Tuesday, July 07, 2009

While We're Waiting...

...for the other shoe to drop, or for me to get on with the analysis of China, I thought I would divert myself, and hopefully others, with the following items from the daily papers:

1.Those of you, us, who think overproduction-- not to be confused with underconsumption-- is the source of capital's current, and repeating, predicament will be interested in the NYT article on Micron and the semiconductor industry, available at: http://www.nytimes.com/2009/07/06/technology/business-computing/06micron.html?_r=1&ref=technology
A couple of juicy bits:
"The seeds of the industry's current financial straits were sown in 2006 and 2007, when memory makers went on a capital spending binge to expand capacity, said Jim Handy, a director of objective analysis, a chip industry research firm. "It takes two years from spending before capacity reaches full volume production, so the onset of the overcapacity was in early 2008, two years after the 2006 spending spree commenced...

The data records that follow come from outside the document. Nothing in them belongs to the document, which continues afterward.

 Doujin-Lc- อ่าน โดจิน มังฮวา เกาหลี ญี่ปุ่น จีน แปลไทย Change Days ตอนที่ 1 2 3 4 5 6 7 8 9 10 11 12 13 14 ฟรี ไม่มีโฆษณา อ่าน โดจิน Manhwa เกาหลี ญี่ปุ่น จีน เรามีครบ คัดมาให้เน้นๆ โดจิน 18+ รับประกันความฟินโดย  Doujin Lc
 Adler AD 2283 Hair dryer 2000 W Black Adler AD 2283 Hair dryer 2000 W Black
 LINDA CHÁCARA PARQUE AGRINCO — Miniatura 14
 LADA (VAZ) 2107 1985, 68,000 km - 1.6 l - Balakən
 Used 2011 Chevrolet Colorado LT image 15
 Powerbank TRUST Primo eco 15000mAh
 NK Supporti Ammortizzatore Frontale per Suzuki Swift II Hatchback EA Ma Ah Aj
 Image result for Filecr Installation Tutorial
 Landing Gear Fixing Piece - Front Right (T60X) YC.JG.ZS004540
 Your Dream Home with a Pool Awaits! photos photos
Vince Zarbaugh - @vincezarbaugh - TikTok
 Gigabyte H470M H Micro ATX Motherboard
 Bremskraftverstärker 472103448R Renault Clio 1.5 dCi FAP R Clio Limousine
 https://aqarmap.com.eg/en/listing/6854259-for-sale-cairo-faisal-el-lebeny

As a result of the upheaval, the industry's capacity has shrunk about one-third, although some of that will eventually return..."
And my personal favorite:
"This is a horrible, terrible business that no one should be in, the way it's organized currently... You get some incremental profits for a little while, then everybody moves in and there's oversupply again."
Gee, sounds like something we could say about all of capitalism, doesn't it?

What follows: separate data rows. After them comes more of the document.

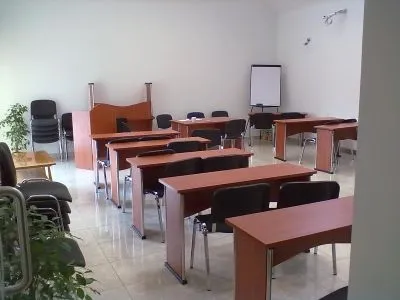 2 üzleti kép SZABÓ FAIPARI VÁLLALKOZÁS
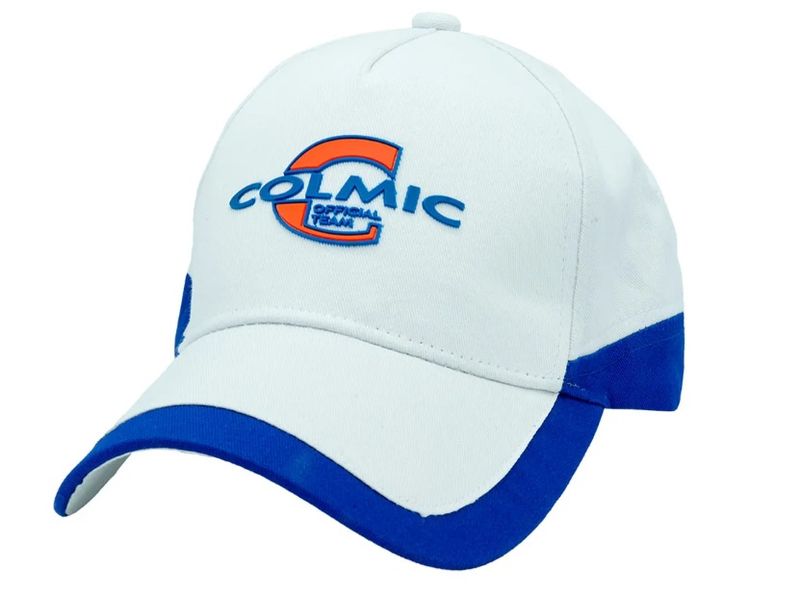 Colmic Pet CAPPELLO MANAUS Colmic Pet CAPPELLO MANAUS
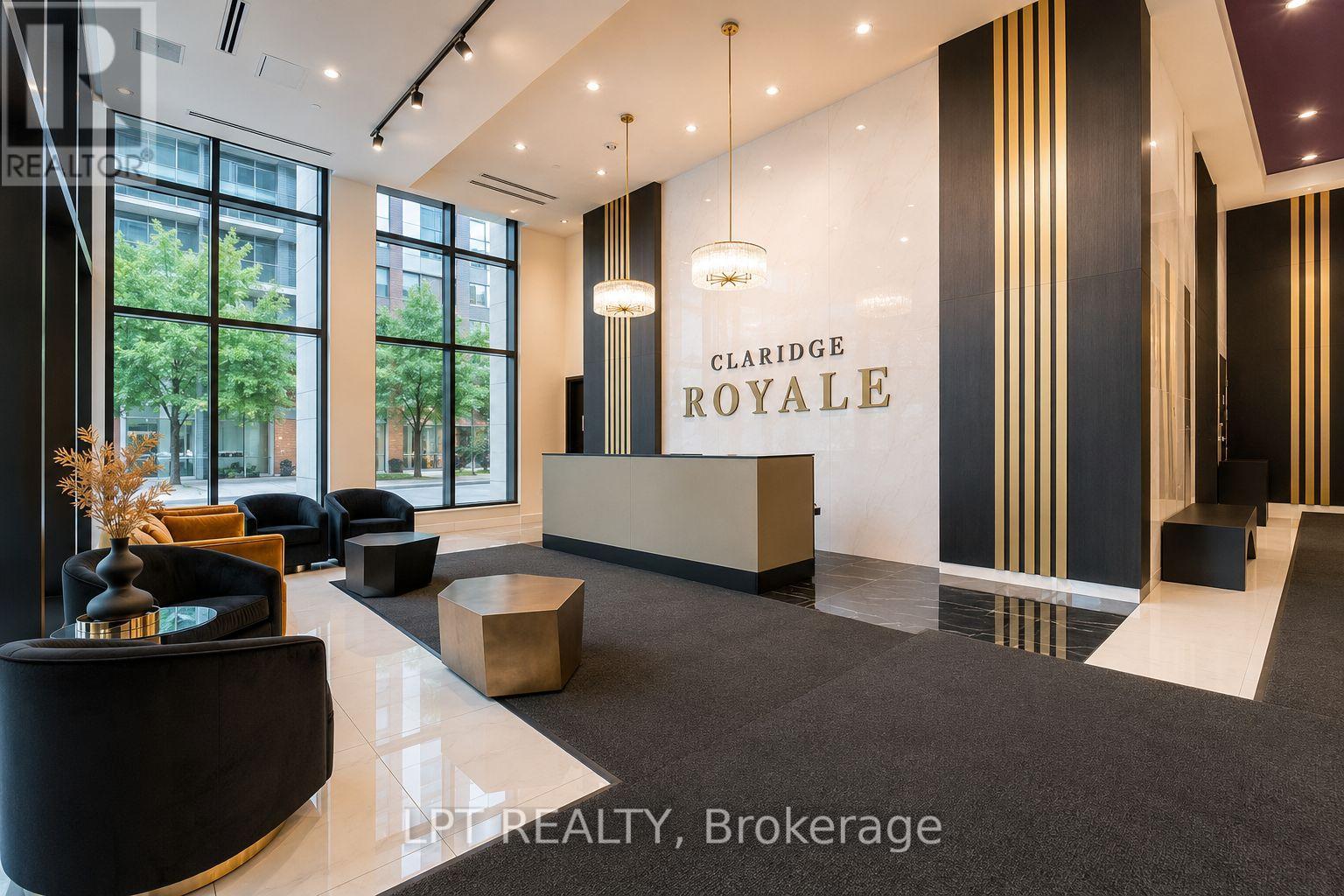 1705 - 180 George Street, Ottawa, Ontario K1N 0G8 - Photo 2 - X13530620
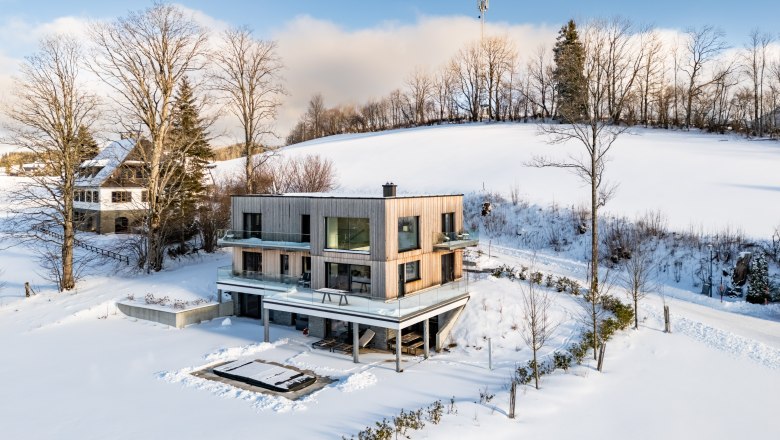 image00003, &copy; Dorfresort, Fred Lindmoser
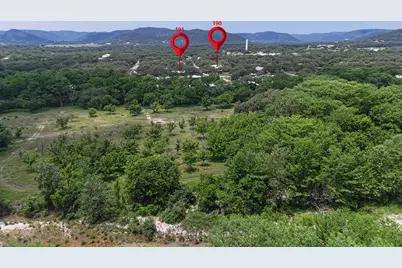 191 Oak Hill Drive, Leakey, TX 78873 - Photo 34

2. Stop Me If You've Heard This One Before. From the 6 July Financial Times:
Barclay's Capital has come up with an innovative way of reducing capital costs and capital requirements of their banking operations. In a burst of originality, BarCap decided to pool assets from several client into a secured financial product [which means backed by collateral] to be rated by a credit rating agency and then sold to other investors.

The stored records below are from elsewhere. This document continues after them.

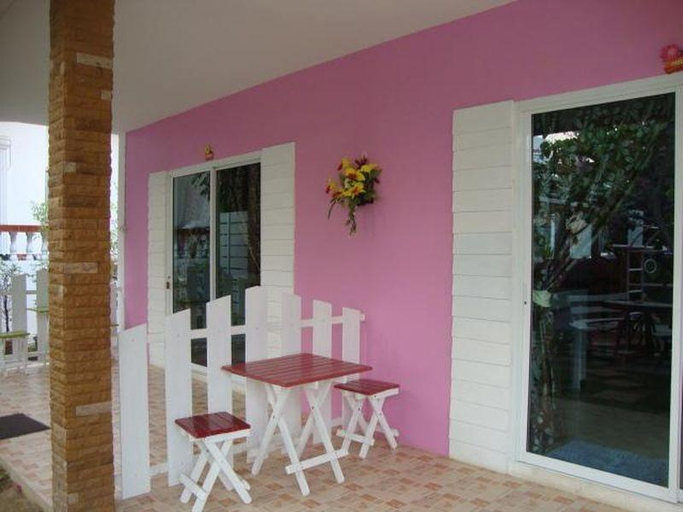 Others 4, Baan Gon Chompu, Suan Phung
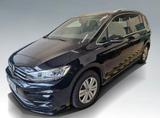 Volkswagen Touran 1.5 TSI DSG Highline R-Line 7-SITZE NAVI - VW Touran Gebrauchtwagen in Düsseldorf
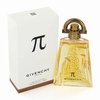 Givenchy - Pi 100 ml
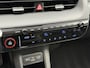 Hyundai Ioniq 5 N Line Limited 84 kWh / Fabrieksgarantie tot 8-2030 / SOH 100% / 360 Camera / Elektr. Stoelen + Memory / HUD / BOSE Audio / Dodehoek Detectie / ACC / Stoelverwarming / Stoelverkoeling / Stuurwiel Verwarming / Apple Carplay & Android Auto /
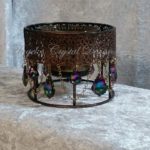tealight-candle-holder-small-baroque-electra-gold-chain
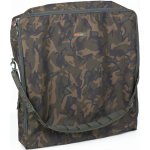 Fox Camolite Chair Bag – Zboží Dáma
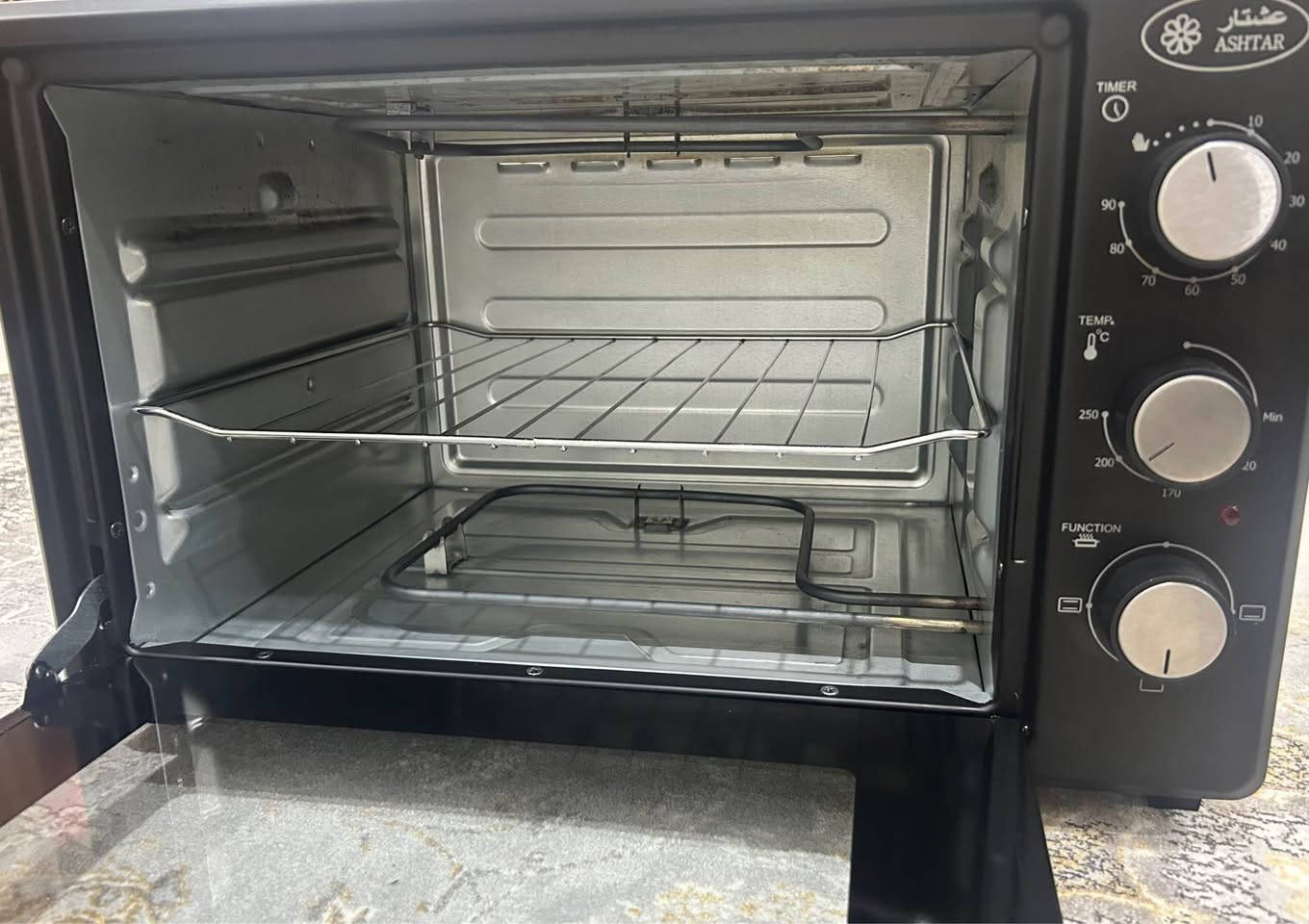 (UNAVAILABLE) ‎ئەم فڕنە بۆفرۆشتن زۆر پاکە کەم ئیشی کردوە‎ السليمانية, العراق


**إذا كنت صاحب هذا الإعلان وتريد حذفه لأي سبب، رجاءا أرسل رسالة إلى الدعم الفني**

BarCap protested that no, no this new product was not the same-old, same-old CLO, CDO, ABS type of junk as before, because in this product, there was no securitization of new lending, just the securitization of the already existing assets on the bank's books.
So...so the assets [loans,debts] that the banks originally spun-off their books in order to maintain capital requirements; that they were then forced to back onto their books after values of the underlying assets plummeted and everybody was a counterparty and everybody was ready to sue, will now be packaged into special investment vehicles, rated by Moodys or S&P, and sold to ...
Oh, there's a sucker born every minute I guess.
Here's what I think the banks will try-- to spin these derivative products into the Treasury's TALF-PPIP program that has been such a stirring failure. In this way, the banks won't have to record a loss on the market-value of the underlying assets, and everybody get's to pick the public's pocket again.